— A Hyundai and Kia engine settlement has been granted preliminary approval after the judge found the settlement was fair and adequate to owners and lessees.
The Hyundai and Kia class action lawsuit includes vehicles originally equipped with or replaced with Theta II 2-liter or 2.4-liter gasoline direct injection engines in the U.S.
- 2011-2018 and certain 2019 Hyundai Sonatas
- 2013-2018 and certain 2019 Hyundai Santa Fe Sports
- 2014-2015, 2018 and certain 2019 Hyundai Tucsons
- 2011-2018 and certain 2019 Kia Optimas
- 2011-2018 and certain 2019 Kia Sorentos
- 2011-2018 and certain 2019 Kia Sportages
For 2019 model year vehicles listed above, the vehicles are those manufactured before knock sensor detection system technology was placed into production.

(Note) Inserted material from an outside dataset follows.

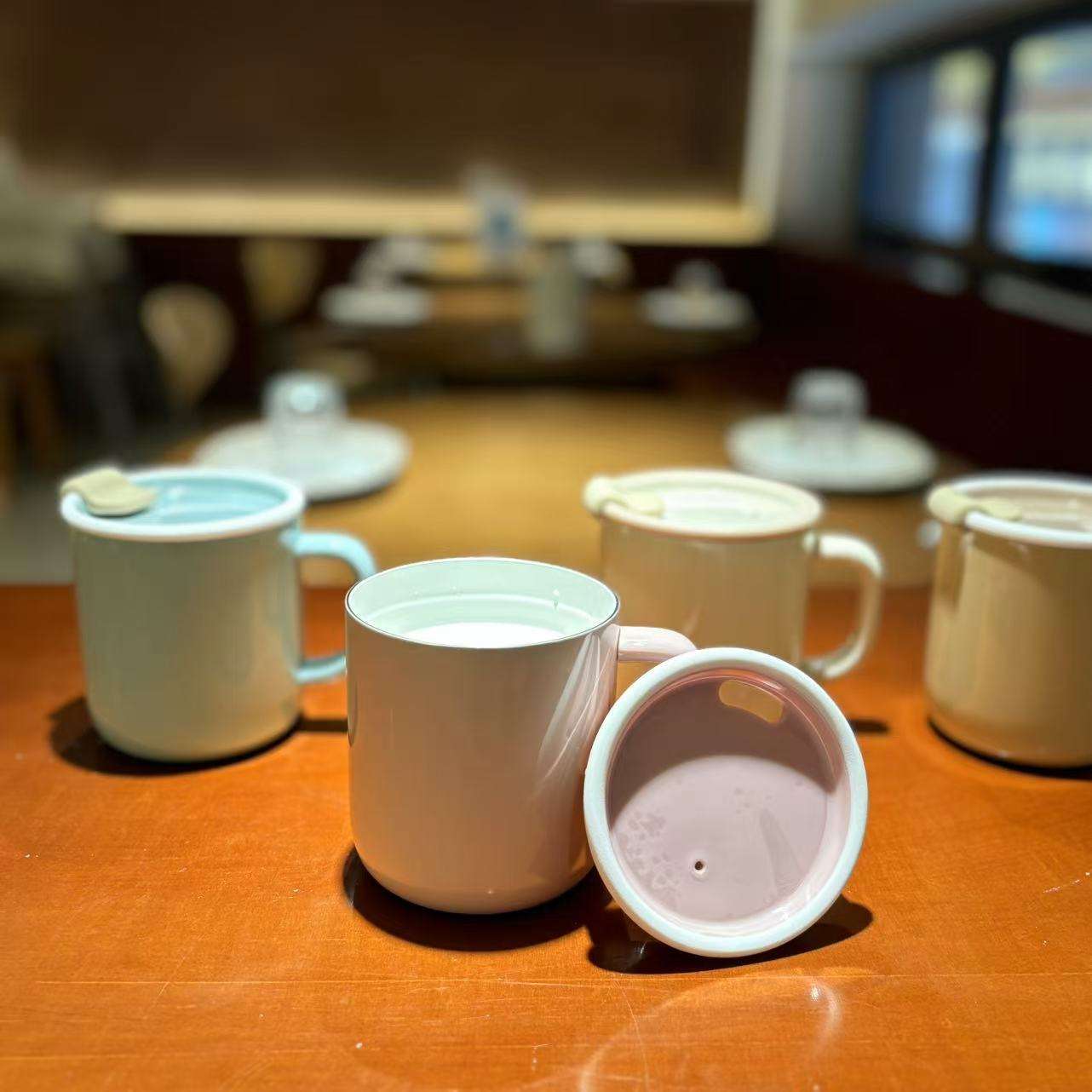 mosh轻奢新款保温保冷马克杯460ML日系简约杯子便携马克杯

According to the consolidated class action, the Hyundai and Kia vehicles are at risk of engine fires because of defects that block the flow of oil to the Theta II engines. This causes complete engine failure and owners have reported multiple fires that left only the frames.
The plaintiffs allege Hyundai and Kia concealed the engine defects and refused to perform free engine repairs. In addition, dealerships allegedly ignored complaints until the vehicles suffered serious mechanical problems necessitating expensive repairs.
Kia, Hyundai and the plaintiffs agreed to settle the lawsuit in October 2019 and announced the terms and possible benefits for owners and lessees. But with preliminary approval now granted by the judge, customers are one step closer to receiving those benefits.
Judge Josephine L. Staton says she granted preliminary approval to the settlement because the automakers and plaintiffs are aware of the expense and risk of continued litigation. Hyundai and Kia deny any liability and deny there are defects in the engines, while the plaintiffs allege the automakers committed fraud.
According to the judge, the plaintiffs may be "unable to make some of the factual showings required to succeed on the claims brought." At the same time, Hyundai/Kia will argue "they did not conceal any material information, and Defendants might otherwise successfully 'whittle down [their] overall liability' to the Class if litigation were to proceed."
Then there is the issue of time, possibly litigation that will take years, and how it "would reduce the value of consideration received by the Class as benefits of the lifetime warranty would be reduced, and vehicle ownership and service records may become harder to locate."
"The Court finds that these considerations, as well as the inherent risk of litigation, weigh in favor of granting preliminary approval." - Judge Staton
Additional details were provided by the judge concerning the engine settlement, including how Kia will hire a third-party to administer the settlement, but Hyundai plans on playing the role of settlement administrator for Hyundai vehicle owners and lessees.
An affected owner or lessee must submit a valid claim form within 90 days of the final approval order of the settlement. According to the settlement agreement, the final approval hearing is scheduled for November 13, 2020.
However, there is no such limitation on the benefits available under the lifetime warranty coverage provided for the engine short block.
Claim forms will be reviewed and within 60 days the claimant will be notified concerning the outcome of the review and the amount that will be reimbursed. If there are problems with a claim form, a customer will have 35 days to fix the errors, then the settlement administrator has 35 days to notify the customer about the final determination.
For reimbursement, the customer will be able to choose to receive a check or a debit card.
The judge says the parties haven't yet negotiated the amount that will be paid to attorneys for the plaintiffs.
The Hyundai and Kia engine settlement is taking place in the U.S. District Court for the Central District of California - In re: Kia Engine Litigation, Case No. 8:17-cv-00838.
The plaintiffs are represented by Sauder Schelkopf, The Sultzer Law Group, Walsh PLLC, and Hagens Berman Sobol Shapiro LLP.